Kunst als Überlebensmittel
Besonders reibend sind die Passagen, in denen Emcke die rettende Kraft der Kunst beschwört. Ob sie über Prousts „Suche nach der verlorenen Zeit“ sinniert oder über die tröstende Kraft von Musikplaylists – stets zeigt sie: „Kunst ist nicht nur ein Luxus. Sie ist ein wesentlicher Bestandteil dessen, was es bedeutet, Mensch zu sein.“ In ihrer Schilderung eines abendlichen Klavierkonzerts, das Nachbarn aus offenen Fenstern lauschen, verdichtet sich die Essenz des Buches: Schönheit als Akt des Widerstands.
Ein Buch, das bleibt
Carolin Emckes „Journal“ ist keine pandemische Momentaufnahme, sondern ein zeitloses Dokument menschlicher Resilienz. Was zunächst als Tagebuch einer Ausnahmesituation beginnt, entpuppt sich als Handbuch für den Umgang mit Ungewissheit – sei es in Gesundheitskrisen, politischen Umwälzungen oder persönlichen Brüchen.

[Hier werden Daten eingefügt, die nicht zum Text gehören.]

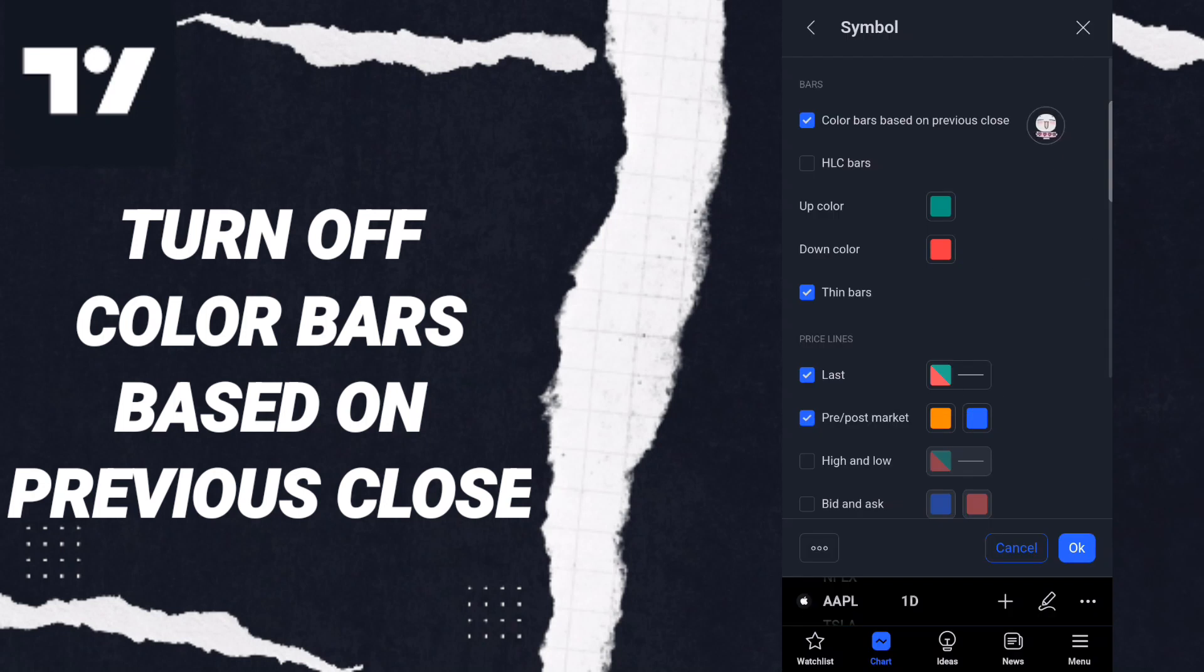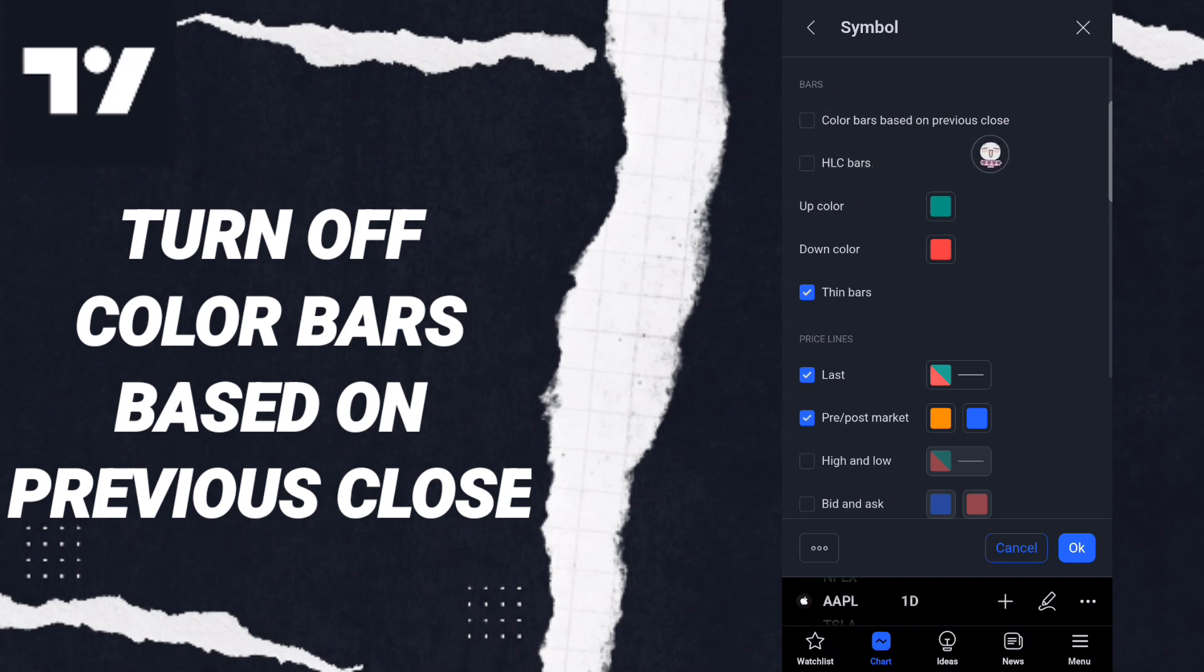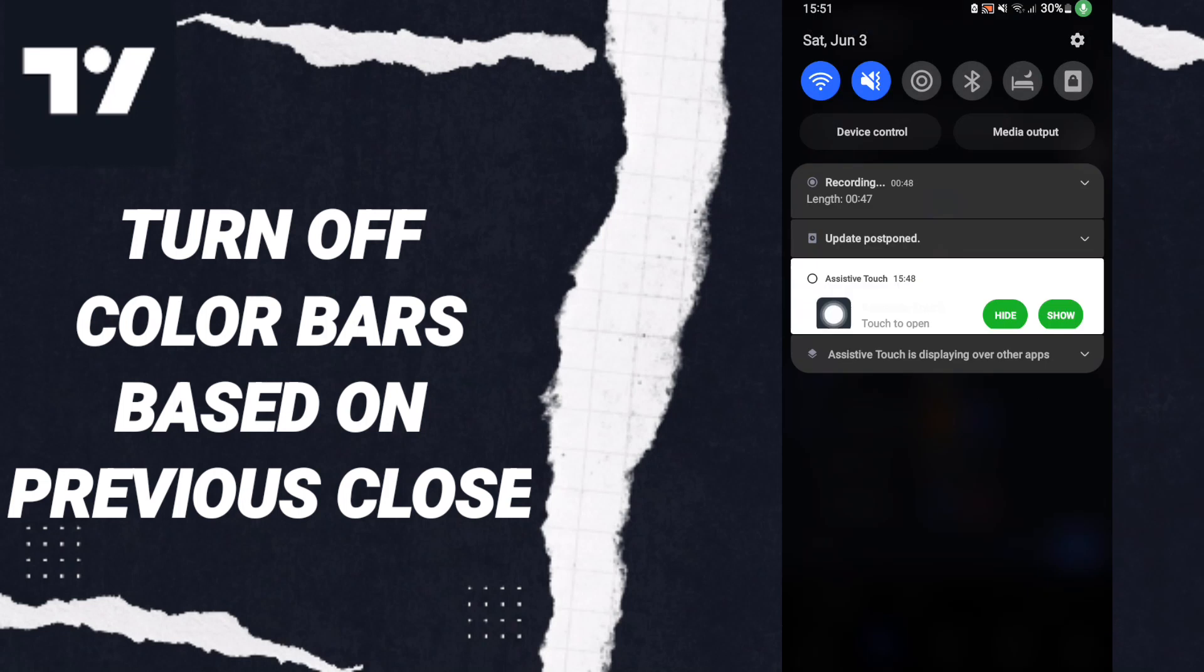Then, here in this list, you will click on this sign. If the sign changes, then you've successfully turned off color bars based on previous close on TradingView.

Mit poetischer Dichte und intellektueller Schärfe gelingt Emcke hier etwas Seltenes: ein Text, der gleichzeitig verwundbar und kraftvoll, privat und universell ist. Wer sich auf diese Reise durch die Abgründe und Lichtmomente der Pandemie einlässt, wird am Ende nicht nur Emckes Welt besser verstehen – sondern auch die eigene.